The Parable of the Sower 6/14, The War Prayer, 2019, h 180 cm x b 136 cm (h 70.9 in x w 53.5 in), collage of adhesive film on drawing polyester on lightbox

Parable of the Sower 6

Parable of the Sower VI, series #14, The War Prayer, 2019. H 180 cm x w 136 cm (h 70.9 in x w 53.5 inch). Collage of adhesive film on drawing polyester on lightbox.

The War Prayer

During a recent research, I discovered Mark Twain’s (1805-1910) book “The War Prayer”. The book was initially forbidden. The story had similarities with the church attack in Charleston. Mark Twain wrote “The War Prayer” in response to the Spanish-American War and the subsequent Philippine-American War. The book remained unpublished until 1923, thirteen years after his death.

An aged stranger entered and moved with slow and noiseless step up the main aisle. His eyes fixed upon the minister. His long body clothed in a robe that reached to his feet. is head bare, his white hair descending in a frothy cataract to his shoulders, his seamy face unnaturally pale, pale even to ghastliness

(Mark Twain, The War Prayer, 1905). The pastor read from “Laws for War, When you go to war”. Chapter 20 of Deuteronomy that just like “Book of the Wars of the Lord” are parts of the Old Testament.

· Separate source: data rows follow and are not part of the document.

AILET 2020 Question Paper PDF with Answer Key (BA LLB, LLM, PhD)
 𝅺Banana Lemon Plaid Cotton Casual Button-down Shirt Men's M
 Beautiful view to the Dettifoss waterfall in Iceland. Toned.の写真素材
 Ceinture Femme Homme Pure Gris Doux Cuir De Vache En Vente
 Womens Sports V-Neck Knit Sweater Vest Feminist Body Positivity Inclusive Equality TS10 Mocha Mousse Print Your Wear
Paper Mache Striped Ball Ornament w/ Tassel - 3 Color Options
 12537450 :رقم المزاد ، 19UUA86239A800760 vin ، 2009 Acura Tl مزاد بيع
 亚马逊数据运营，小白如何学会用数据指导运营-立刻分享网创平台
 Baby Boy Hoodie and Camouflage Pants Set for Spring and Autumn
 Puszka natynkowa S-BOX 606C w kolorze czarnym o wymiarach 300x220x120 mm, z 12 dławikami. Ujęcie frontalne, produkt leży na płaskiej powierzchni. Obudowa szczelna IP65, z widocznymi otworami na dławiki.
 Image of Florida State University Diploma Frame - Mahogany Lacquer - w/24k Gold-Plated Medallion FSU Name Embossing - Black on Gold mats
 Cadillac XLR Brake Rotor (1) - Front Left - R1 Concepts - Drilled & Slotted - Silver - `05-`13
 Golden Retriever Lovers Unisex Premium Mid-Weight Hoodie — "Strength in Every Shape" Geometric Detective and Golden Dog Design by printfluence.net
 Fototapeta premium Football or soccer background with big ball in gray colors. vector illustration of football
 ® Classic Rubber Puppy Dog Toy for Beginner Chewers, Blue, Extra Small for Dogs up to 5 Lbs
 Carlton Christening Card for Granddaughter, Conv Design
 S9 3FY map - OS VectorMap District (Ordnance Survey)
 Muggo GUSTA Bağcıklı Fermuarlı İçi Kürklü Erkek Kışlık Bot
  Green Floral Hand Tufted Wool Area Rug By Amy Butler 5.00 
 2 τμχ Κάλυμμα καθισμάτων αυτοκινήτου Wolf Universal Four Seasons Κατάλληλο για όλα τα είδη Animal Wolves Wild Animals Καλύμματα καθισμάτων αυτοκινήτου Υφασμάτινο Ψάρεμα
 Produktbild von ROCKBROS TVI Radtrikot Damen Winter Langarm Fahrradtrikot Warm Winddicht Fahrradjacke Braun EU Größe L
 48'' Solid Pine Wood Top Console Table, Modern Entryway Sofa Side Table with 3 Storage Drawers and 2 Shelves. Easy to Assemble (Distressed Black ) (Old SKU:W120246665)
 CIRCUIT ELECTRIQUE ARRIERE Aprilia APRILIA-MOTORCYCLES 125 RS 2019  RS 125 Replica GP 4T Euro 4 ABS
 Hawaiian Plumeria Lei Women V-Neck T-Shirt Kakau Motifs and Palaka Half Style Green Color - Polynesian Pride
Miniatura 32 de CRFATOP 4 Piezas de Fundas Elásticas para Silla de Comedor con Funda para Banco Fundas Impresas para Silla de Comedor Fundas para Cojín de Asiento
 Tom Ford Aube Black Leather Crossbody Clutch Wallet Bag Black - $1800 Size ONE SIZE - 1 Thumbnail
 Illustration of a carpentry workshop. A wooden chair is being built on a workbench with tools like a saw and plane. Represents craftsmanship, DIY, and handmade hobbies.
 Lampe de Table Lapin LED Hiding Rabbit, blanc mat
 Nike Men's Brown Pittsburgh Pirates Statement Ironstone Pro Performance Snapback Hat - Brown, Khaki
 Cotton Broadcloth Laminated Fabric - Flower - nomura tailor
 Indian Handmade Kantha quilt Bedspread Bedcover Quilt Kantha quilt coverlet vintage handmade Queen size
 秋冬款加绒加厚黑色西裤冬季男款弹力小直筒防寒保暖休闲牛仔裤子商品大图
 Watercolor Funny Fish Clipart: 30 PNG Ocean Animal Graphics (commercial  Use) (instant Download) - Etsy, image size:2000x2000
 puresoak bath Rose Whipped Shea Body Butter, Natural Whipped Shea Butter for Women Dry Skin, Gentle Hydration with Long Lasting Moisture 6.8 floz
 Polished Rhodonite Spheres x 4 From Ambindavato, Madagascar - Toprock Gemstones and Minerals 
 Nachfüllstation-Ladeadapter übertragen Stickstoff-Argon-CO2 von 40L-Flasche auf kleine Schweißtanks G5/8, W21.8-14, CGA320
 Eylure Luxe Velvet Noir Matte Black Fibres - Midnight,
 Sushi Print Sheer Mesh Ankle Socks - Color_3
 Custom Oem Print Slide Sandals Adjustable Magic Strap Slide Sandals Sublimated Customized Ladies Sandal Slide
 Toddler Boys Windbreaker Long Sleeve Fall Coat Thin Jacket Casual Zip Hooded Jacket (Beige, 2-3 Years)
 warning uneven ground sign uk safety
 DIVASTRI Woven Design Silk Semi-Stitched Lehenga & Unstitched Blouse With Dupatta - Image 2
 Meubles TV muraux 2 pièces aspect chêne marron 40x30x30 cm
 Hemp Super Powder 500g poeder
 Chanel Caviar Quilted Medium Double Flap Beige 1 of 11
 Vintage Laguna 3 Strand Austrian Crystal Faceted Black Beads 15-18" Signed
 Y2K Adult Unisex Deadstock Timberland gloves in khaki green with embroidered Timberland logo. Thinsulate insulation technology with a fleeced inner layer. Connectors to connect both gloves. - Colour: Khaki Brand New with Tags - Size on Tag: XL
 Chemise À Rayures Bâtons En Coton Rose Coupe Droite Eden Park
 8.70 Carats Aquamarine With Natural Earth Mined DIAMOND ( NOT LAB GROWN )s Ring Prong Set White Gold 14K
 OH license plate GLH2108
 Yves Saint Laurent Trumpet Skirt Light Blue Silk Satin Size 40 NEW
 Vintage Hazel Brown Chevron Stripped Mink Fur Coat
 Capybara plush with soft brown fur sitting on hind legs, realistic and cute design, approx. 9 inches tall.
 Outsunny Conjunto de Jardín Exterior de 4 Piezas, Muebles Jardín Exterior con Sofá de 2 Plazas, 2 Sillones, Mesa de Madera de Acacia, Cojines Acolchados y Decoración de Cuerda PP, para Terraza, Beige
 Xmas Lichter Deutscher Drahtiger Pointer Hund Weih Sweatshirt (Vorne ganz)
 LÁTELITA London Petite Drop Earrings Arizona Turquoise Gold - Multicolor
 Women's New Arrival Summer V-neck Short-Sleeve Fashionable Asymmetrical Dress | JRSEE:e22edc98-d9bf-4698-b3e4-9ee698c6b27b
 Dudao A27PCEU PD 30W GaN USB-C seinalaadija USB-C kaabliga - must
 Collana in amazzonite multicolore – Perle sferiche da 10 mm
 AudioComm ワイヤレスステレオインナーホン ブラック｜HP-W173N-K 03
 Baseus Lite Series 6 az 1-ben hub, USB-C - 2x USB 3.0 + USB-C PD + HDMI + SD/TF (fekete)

In “The War Prayer”, the stranger confronts the pastor and the church community with group egoism, praying for a successful result of one’s own group, of an avoidable war and propagandize it. The message from the strange visitor amounted to: “stop patriotic incitement to a useless war and religious incitement of innocent civilians to go to war.” He was considered a lunatic “because there was no sense in what he said” (The War Prayer, 1905).